Agencies lag Treasuries, swaps as yields fall; Fannie Mae sees demand for three-year paper

By Kenneth Lim

Boston, May 11 - Agency spreads widened slightly on Wednesday as Treasuries rebounded and Fannie Mae announced supply in the front end of the yield curve.

Bullet spreads closed the day about 1 basis point wider versus Treasuries. Agencies also softened against swaps, but to a lesser extent.

"It looks like agencies in general softened just a little bit, which was kind of in line with swaps," an agency trader said. "The Treasury rally obviously led the spread curve to kind of soften against it."

Fannie Mae plans offering

Fannie Mae saw strong initial demand for its planned offering of three-year Benchmark Notes, which is scheduled to price Thursday.

Price talk is at a spread of 20 bps over Treasuries, sources said. The size of the deal has not been set, but the agency will probably sell at least $3 billion of notes.

Barclays Capital Inc., Goldman Sachs & Co. and J.P. Morgan Securities LLC are the lead managers of the offering.

The trader, whose firm was among the selling group, said his allotment was filled by mid-morning.

"We kind of blew out our allotment pretty quick," the trader said. "My understanding is it's getting very, very strong demand."

Price talk represents a concession of only about 1 bp to surrounding issues, which are trading at spreads of around 20 bps bid, 19 bps offered.

"It's kind of the part of the curve that I think is tracking a fair bit of money right now," the trader said. "The level is fair versus surrounding issues...it's not much of a concession against the curve, but there is a maturity gap there."

Despite the aggressive pricing, the market is still keen on that part of the sector because the curve is fairly steep around the three-years and offers attractive roll-down opportunities.

"It's around the steepest roll-down period, and it's a small enough duration that people aren't too afraid of picking it up," the trader said.

The trader expected the deal to eventually fall between $3 billion and $4 billion, even though Fannie Mae could probably upsize the offering to a larger amount.

"Obviously their needs are less than they were, and the funding levels have cheapened to the point where it's just not as attractive," the trader said. "They can get a ton of stuff done in the front end in the 'discos.'"

Yields fall again

Beyond the Fannie Mae deal, the agency market on Wednesday watched yields fall again as Treasuries reversed Tuesday's small sell-off to resume the relentless climb in government bond prices.

The callable market slowed down in reaction to the day's decline in yield levels. Callable buying had picked up over the past few sessions and was actually healthy in the morning as Treasuries initially continued Tuesday's retreat. But Treasuries rallied in the afternoon, leading to a knee-jerk pullback by callable investors.

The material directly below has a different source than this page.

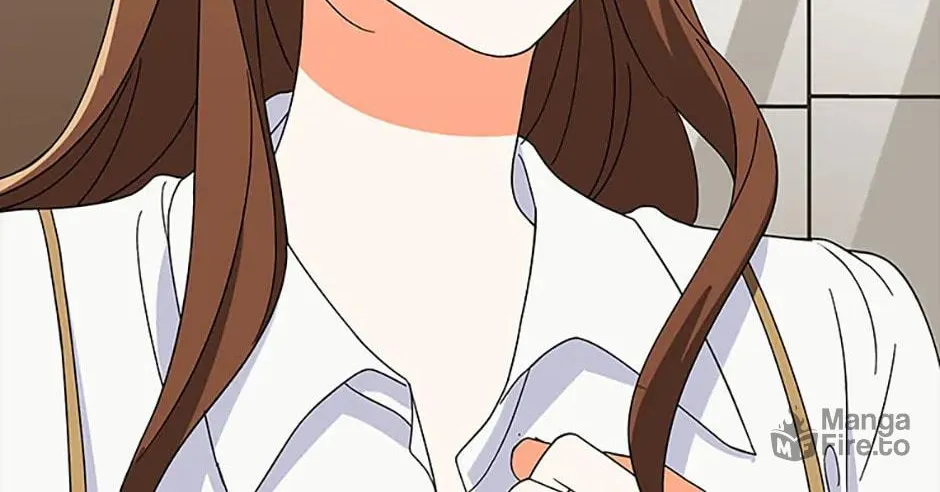 Read Please Divorce Me chapter 20 image 71 on Lezhin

"The move higher in Treasury prices I think caught some dealers off guard a little bit, and when prices rallied callables quieted down," the trader said.

Investors are increasingly shifting to alternative price structures, such as step-ups, from plain vanilla products, the trader said.

And although low yields are discouraging investors from buying new products, they are also fueling more redemptions, which could build up demand for the product.

"The more we stay at these levels, the more we're going to see redemptions, and investors are going to have more money to reinvest because of the money they get back," the trader said.